Dopo Claude Monet (il
padre degli impressionisti) e Théodore Duret (che – come appena
detto – non è un artista, ma un grande
mercante d’arte, collezionista e – come critico d’arte – è definito il “padre della nuova estetica”), quindici
artisti sono presentati in ordine alfabetico (e non cronologico, e neppure di
stile). Si tratta di Chagall, Derain, Ensor, Friesz, Grosz, Kisling, Léger,
Lhote, Matisse, Pascin, Picasso, Rouault, (Dunoyer de) Segonzac, Utrillo e
Vlaminck. Il capitolo dedicato a ciascuno di essi (il termine ‘propos’ viene utilizzato per indicare
che si tratta di testi che racchiudono i propositi e le intenzioni degli
artisti) è introdotto da ritratti fotografici d’autore (davvero belli): nel
caso di Derain, Friesz, Léger, Matisse, Picasso, Rouault e Vlaminck si tratta
di foto originali di Man Ray.
Ma soprattutto, è il modo
con cui i testi vengono esposti che è davvero speciale: ogni capitolo presenta
infatti (senza soluzione di continuità e col solo utilizzo di differenti
caratteri tipografici a indicarne la paternità) testi e dichiarazioni degli
artisti (in corsivo) e di Fels stesso (in caratteri normali). Il lettore viene
quindi messo di fronte a una combinazione di fonti dirette e di giudizi
critici. Il pubblico, insomma, non legge soltanto degli scritti monografici di
un critico, ma nemmeno unicamente interviste o scritti degli artisti stessi: si
cimenta con una letteratura mista. In ogni sezione si confrontano e in parte si
sovrappongono due personalità, quella di Fels e quella dell’artista in
questione. Si tratta di una tecnica sorprendente, che Fels adotta anche nelle
sue successive monografie su Matisse e Vlaminck. Catherine Bock-Weiss l’ha così
descritta, riferendosi al saggio su Matisse (ma le sue osservazioni sono valide
anche qui): “All’incirca un terzo offre
elucubrazioni vaganti, tratteggiate in modo ‘impressionista’ su questioni
estetiche [n.d.r che riguardano l’autore]; circa un altro terzo è informazione biografica sull’artista,
condita di aneddoti; l’ultimo terzo presenta citazioni dirette dell’autore,
disposte a caso, come se fossero tratte da interviste diverse” [6].
Nella postfazione alla
sua antologia Fels spiega: “Ho voluto
produrre un documento datato 1925. Non è un lavoro di critica, ma di semplice
giornalismo. I veri autori sono gli artisti, citati strettamente nel linguaggio
da essi stessi utilizzato. (…) Io
penso che, dal momento che la vita e l’opera sono inseparabili, si rischia poco
ad esprimersi pubblicamente” [7]. Si tratta davvero di una semplice
documentazione giornalistica delle strategie di comunicazione degli artisti?

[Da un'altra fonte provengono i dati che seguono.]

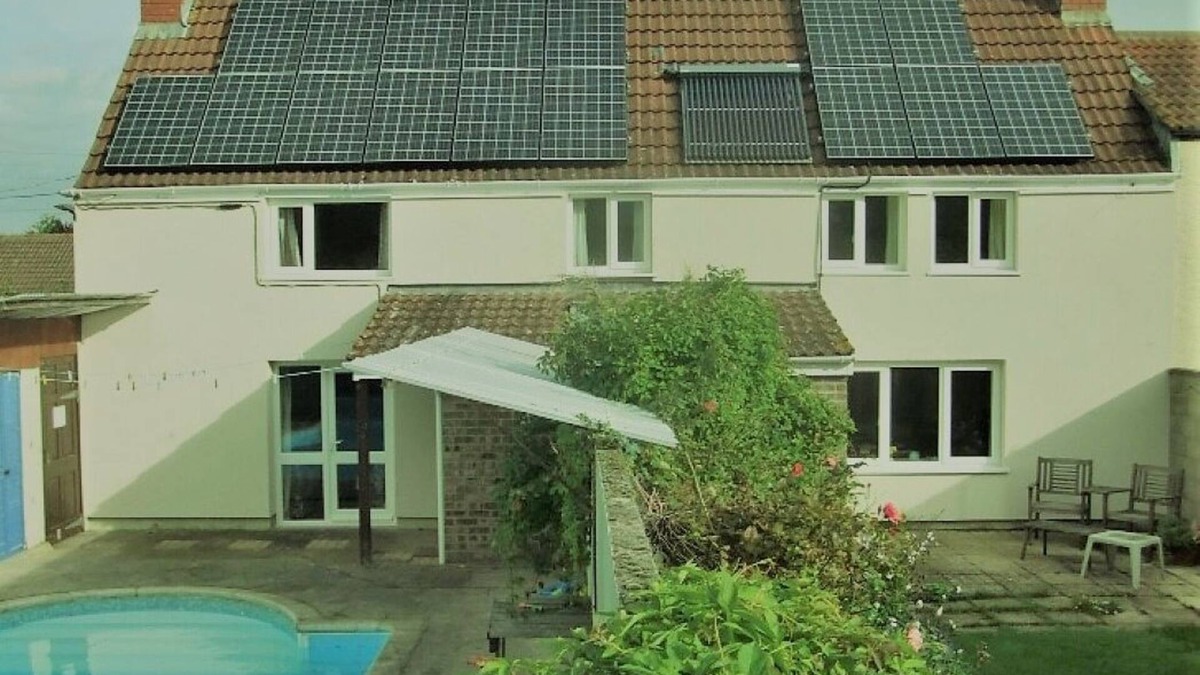Highbridge House | South facing cottage for nine with pool and garden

Oppure l’antologia offre un messaggio ‘unitario’ di natura più critica,
nonostante la dichiarazione della postfazione? Cercheremo di rispondere nella
seconda parte del post. Quel che è evidente è che l’autore rifugge da ogni
sforzo sistematico, e che il suo interesse è per le singole personalità.

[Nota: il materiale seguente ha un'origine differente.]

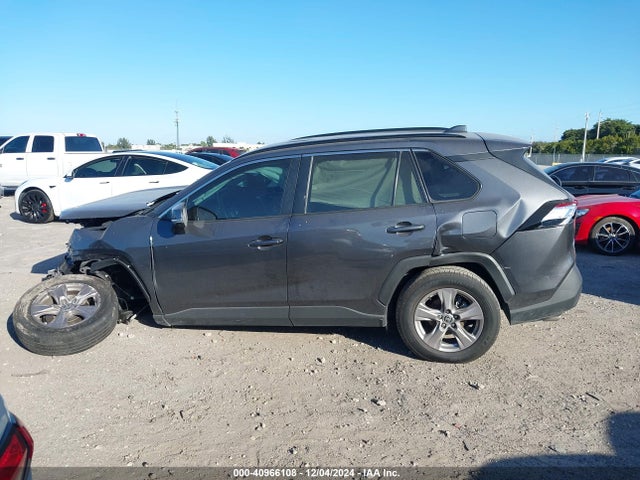 Toyota Rav4 Xle 2023 2T3W1RFV7PC216384 Image 14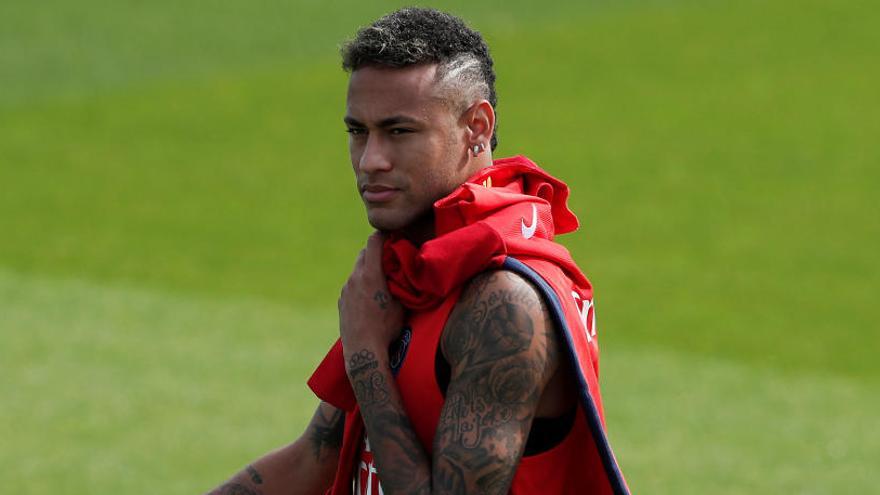 Neymar demanda el Barcelona davant la FIFA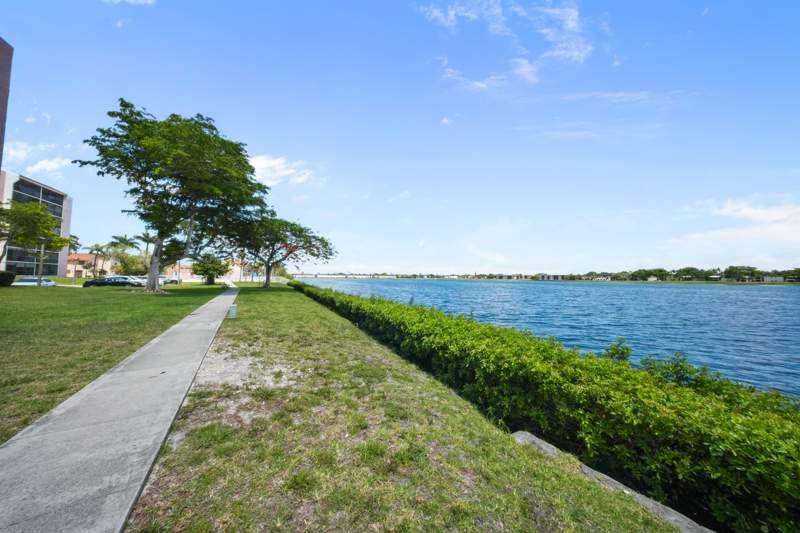 2 bedroom Condominium at 20860 San Simeon Way 109-6, Lakeview Of The Calf Club, Miami — photo 2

Inoltre lo stile testimonia una predisposizione a combinare critica d’arte e linguaggio
poetico, facendo della critica d’arte una pagina di letteratura, caratteristica
propria di molta parte della critica d’arte francese di Ottocento e primo
Novecento. Come esempio, in fondo alla seconda parte di questo post tradurremo il capitolo
su Maurice de Vlaminck, che di Fels è grande amico e compagno di idee (non a
caso il libro gli è dedicato), sia perché probabilmente è uno dei più
rappresentativi delle idee dell’autore dell’antologia, sia perché ne illustra
l’uso del linguaggio.
L’origine giornalistica dei Propos d’Artistes
È
proprio con Maurice de Vlaminck che si apre, il 26 maggio 1923, la serie di
articoli “Propos d’artistes” sul Les Nouvelles littéraires, artistiques et
scientifiques (d’ora in poi citato semplicemente come Les Nouvelles Littéraires, settimanale pubblicato tra 1921 e 1936),
con cui Fels collabora in quegli anni come critico d’arte. La redazione
annuncia: “Sotto questo titolo, il nostro
collaboratore darà una serie d’interviste agli artisti più rappresentativi della
giovane plastica francese. Si tratta ben meno di un’inchiesta che di una
maniera di documentazione destinata al pubblico, che permette di situare
chiaramente quel che i nostri contemporanei pensino del classicismo, del
modernismo, dell’arte pittorica, della letteratura, dei costumi, ecc. Vlaminck,
Derain, Picasso, Matisse, Jacques-Emile Blanche, Signac, Friesz, Segonzac, Van
Donges, Braque, ecc. saranno invitati l’uno dopo l’altro a questa consultazione
che non ha che un obiettivo: mettere i nostri lettori in contatto con il
pensiero dei più eminenti artisti moderni” [8]. Si tratta dunque di un
progetto che deliberatamente include solo artisti viventi (al contrario di
molte altre antologie, dove spesso vengono inclusi per regola solamente artisti
scomparsi).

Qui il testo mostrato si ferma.